Nightshift at the Cypress Cathedral
When the Ripples Spoke in Moonlight
3:17AM. My thermos of bitter coffee left condensation rings on the hard bait tackle box as the truck tires crunched over crushed oyster shells. Lake Martin's moonlit surface shimmered like discarded mercury, the cypress knees casting skeletal shadows where I'd seen monster crappie breach at dusk.
'Try the deep drop-offs first,' my fishing partner Matt had advised. But the fishfinder remained stubbornly blank until sunrise painted the water amber. My wrists ached from jigging when a sudden swirl erupted near submerged logs - not the lazy circles of turtles, but violent champagne bubbles of a feeding frenzy.
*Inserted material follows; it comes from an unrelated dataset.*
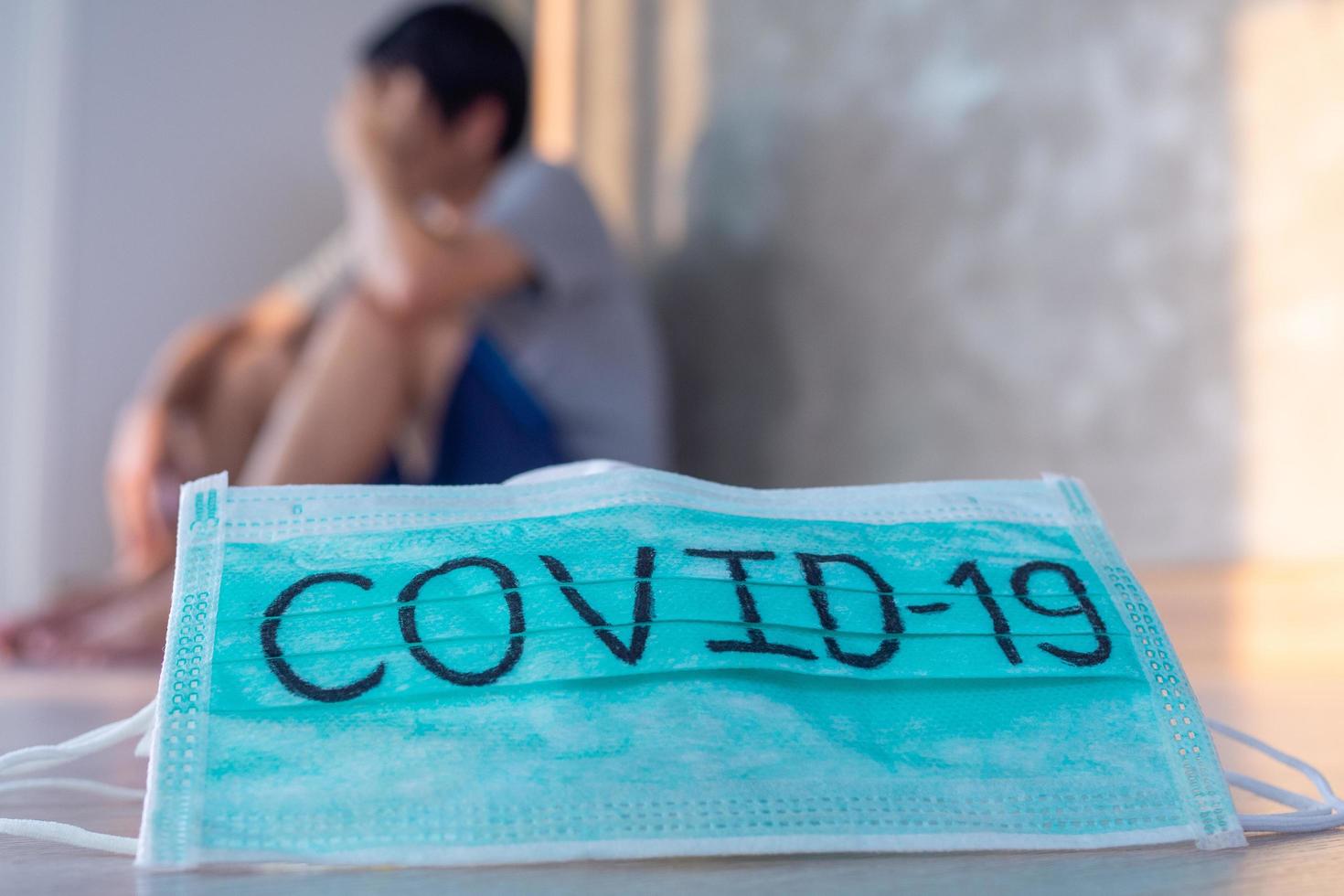 Mask writes Covid-19, the virus infection situation 2019-nCoV spread around the world Deadly disaster of the world. Men afraid of getting infected with the virus and psychosis on backgroud photo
'Switch to jerkbaits,' I muttered, fingers fumbling frozen knobs on my spinning reel. The lure hit the water with a slap. One Mississippi. Two Mississippi. Then the rod nearly leapt from my grip as something primal surged beneath.
Twenty minutes later, waist-deep in numbing water to net the 14-inch slab crappie, I noticed the scars along its flank - three parallel grooves from some ancient predator. Its gills flared defiantly before disappearing into blackwater. The mist rising off the lake seemed to whisper that we're all just temporary players in these ancient depths.